Input arrangements for transferring data to be processed into a form capable of being handled by the computer; Output arrangements for transferring data from processing unit to output unit, e.g. interface arrangements Digital input from, or digital output to, record carriers, e.g. RAID, emulated record carriers or networked record carriers

Description

CROSS-REFERENCE TO RELATED APPLICATION

This application is based upon and claims the benefit of priority of the prior Japanese Patent Application No. 2017-202515, filed on Oct. 19, 2017, the entire contents of which are incorporated herein by reference.

FIELD

The embodiments discussed herein are related to a storage system, a storage control apparatus, and a program.

BACKGROUND

A storage system includes a storage device such as a hard disk drive (HDD) or a solid state drive (SSD) and a server for controlling the storage device, and records and manages a large amount of data handled by information processing. In addition, the server usually has a redundant configuration including two or more nodes.

Meanwhile, when enhancing system performance, in recent years, a scale-out which increases a processing capacity by increasing the number of hardware is becoming mainstream, instead of a scale-up which makes the hardware to have a high performance.
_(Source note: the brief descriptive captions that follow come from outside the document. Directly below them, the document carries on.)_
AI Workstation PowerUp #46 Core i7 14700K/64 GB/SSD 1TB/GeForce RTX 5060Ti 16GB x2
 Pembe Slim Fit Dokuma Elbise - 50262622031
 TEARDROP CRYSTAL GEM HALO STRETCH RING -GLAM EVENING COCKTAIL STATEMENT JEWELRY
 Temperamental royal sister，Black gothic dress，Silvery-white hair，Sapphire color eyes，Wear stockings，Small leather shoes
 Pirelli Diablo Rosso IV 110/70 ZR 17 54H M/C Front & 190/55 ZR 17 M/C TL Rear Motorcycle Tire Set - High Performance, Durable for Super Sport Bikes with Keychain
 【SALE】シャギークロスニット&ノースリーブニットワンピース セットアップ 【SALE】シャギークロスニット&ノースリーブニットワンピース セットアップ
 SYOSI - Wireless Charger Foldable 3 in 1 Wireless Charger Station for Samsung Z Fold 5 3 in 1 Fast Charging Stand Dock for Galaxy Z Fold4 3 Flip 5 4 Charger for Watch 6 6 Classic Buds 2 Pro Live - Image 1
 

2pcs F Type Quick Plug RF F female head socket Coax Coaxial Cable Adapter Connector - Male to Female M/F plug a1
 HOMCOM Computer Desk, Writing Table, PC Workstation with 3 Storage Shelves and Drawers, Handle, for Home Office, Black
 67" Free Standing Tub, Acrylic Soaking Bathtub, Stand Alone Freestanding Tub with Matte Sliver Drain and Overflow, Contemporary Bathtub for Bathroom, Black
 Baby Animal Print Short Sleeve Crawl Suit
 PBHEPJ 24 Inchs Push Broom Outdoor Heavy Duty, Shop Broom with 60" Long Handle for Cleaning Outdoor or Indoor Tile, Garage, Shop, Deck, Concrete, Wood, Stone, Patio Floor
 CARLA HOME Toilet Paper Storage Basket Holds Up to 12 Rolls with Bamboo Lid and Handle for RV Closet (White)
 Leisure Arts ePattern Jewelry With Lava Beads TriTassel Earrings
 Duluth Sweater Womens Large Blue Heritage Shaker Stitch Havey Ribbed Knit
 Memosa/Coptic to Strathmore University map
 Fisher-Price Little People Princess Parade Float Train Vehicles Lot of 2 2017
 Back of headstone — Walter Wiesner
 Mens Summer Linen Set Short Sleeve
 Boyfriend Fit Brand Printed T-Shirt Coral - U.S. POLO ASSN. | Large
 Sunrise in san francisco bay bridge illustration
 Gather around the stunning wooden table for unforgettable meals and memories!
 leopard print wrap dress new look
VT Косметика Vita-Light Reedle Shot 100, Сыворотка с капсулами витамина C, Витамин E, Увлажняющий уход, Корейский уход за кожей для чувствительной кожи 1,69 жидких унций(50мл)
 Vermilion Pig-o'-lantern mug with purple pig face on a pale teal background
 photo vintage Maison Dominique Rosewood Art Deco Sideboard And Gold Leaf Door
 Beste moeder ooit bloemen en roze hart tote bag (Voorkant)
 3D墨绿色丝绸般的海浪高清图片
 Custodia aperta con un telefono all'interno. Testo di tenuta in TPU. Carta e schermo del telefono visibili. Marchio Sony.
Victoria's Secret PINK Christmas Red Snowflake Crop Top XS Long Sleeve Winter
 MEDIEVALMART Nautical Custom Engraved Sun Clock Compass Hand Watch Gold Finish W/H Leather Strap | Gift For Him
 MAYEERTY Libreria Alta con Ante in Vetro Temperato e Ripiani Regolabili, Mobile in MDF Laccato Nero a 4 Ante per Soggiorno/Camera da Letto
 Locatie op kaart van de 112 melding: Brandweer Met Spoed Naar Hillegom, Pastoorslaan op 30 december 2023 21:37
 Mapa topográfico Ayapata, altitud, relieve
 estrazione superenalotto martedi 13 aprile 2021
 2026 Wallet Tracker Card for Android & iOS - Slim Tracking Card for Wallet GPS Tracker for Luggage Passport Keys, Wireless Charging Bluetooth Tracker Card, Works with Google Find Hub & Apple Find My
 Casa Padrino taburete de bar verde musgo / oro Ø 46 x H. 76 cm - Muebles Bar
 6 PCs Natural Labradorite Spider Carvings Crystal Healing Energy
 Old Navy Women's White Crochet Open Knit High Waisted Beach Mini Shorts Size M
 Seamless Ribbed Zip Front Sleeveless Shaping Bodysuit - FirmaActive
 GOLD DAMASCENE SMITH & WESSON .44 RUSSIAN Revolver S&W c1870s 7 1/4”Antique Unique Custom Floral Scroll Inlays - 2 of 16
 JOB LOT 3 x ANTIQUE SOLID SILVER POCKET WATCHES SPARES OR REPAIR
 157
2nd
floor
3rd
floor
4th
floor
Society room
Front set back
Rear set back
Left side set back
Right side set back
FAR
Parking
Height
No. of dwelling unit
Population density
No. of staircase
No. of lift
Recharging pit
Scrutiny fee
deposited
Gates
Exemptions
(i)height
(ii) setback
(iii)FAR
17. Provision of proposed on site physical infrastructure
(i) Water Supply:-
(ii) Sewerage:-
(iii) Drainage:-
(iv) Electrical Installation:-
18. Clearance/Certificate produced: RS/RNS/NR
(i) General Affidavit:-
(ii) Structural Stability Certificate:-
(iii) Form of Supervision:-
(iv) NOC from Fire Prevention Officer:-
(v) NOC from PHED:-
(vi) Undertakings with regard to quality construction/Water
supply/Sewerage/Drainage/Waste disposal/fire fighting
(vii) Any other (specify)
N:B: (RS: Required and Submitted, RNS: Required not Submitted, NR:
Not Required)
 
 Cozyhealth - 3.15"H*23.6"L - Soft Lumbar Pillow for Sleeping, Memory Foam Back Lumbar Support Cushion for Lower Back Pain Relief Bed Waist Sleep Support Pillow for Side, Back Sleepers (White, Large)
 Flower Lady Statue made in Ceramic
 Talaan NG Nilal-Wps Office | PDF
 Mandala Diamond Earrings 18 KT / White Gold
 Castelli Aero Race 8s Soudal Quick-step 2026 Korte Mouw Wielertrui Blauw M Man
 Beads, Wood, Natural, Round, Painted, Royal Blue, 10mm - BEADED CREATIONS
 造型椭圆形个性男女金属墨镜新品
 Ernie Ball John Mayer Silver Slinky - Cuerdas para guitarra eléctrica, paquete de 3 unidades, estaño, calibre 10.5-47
For this reason, the redundant configuration of the system has increased with an expansion of the system by the scale-out.

In a server designed with the scale-out of a multi-node configuration, when communication routes between nodes are blocked due to, for example, an occurrence of a failure, the system operation may be continued by performing a detour communication via a detour route.

Related techniques are disclosed in, for example, Japanese Laid-open Patent Publication Nos. 09-252331, 05-003475, and 2006-333486.

SUMMARY

According to an aspect of the invention, a storage system includes a storage device, and a plurality of storage control devices configured to couple to each other through a plurality of communication routes, a first storage control device of the plurality of storage control devices configured to include a memory, and a processor coupled to the memory and the processor configured to generate route blocking information based on detection of a blocking state of a communication route of the plurality of communication routes, generate detour route information set for a destination storage control device of the plurality of storage control devices, which becomes a communication destination, based on the route blocking information, store the route blocking information and the detour route information in the memory, and perform a detour communication through a detour route selected based on the detour route information when performing communication to the destination storage control device so as to control the storage device.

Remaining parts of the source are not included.